▶ [DATA FOR PROCESSING]:
# # # # # # #

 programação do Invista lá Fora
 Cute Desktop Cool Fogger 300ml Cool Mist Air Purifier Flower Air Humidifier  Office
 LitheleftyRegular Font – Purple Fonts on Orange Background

# # # # # # #

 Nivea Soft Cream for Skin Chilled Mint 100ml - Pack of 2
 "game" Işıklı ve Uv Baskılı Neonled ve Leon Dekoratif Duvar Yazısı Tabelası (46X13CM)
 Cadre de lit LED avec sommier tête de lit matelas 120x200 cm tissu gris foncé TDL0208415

# # # # # # #

In the listing above, find the line containing "Yazısı Tabelası (46X13CM)" and the line containing "Cadre de lit". Output them and every line between, exactly, and nothing else.

 "game" Işıklı ve Uv Baskılı Neonled ve Leon Dekoratif Duvar Yazısı Tabelası (46X13CM)
 Cadre de lit LED avec sommier tête de lit matelas 120x200 cm tissu gris foncé TDL0208415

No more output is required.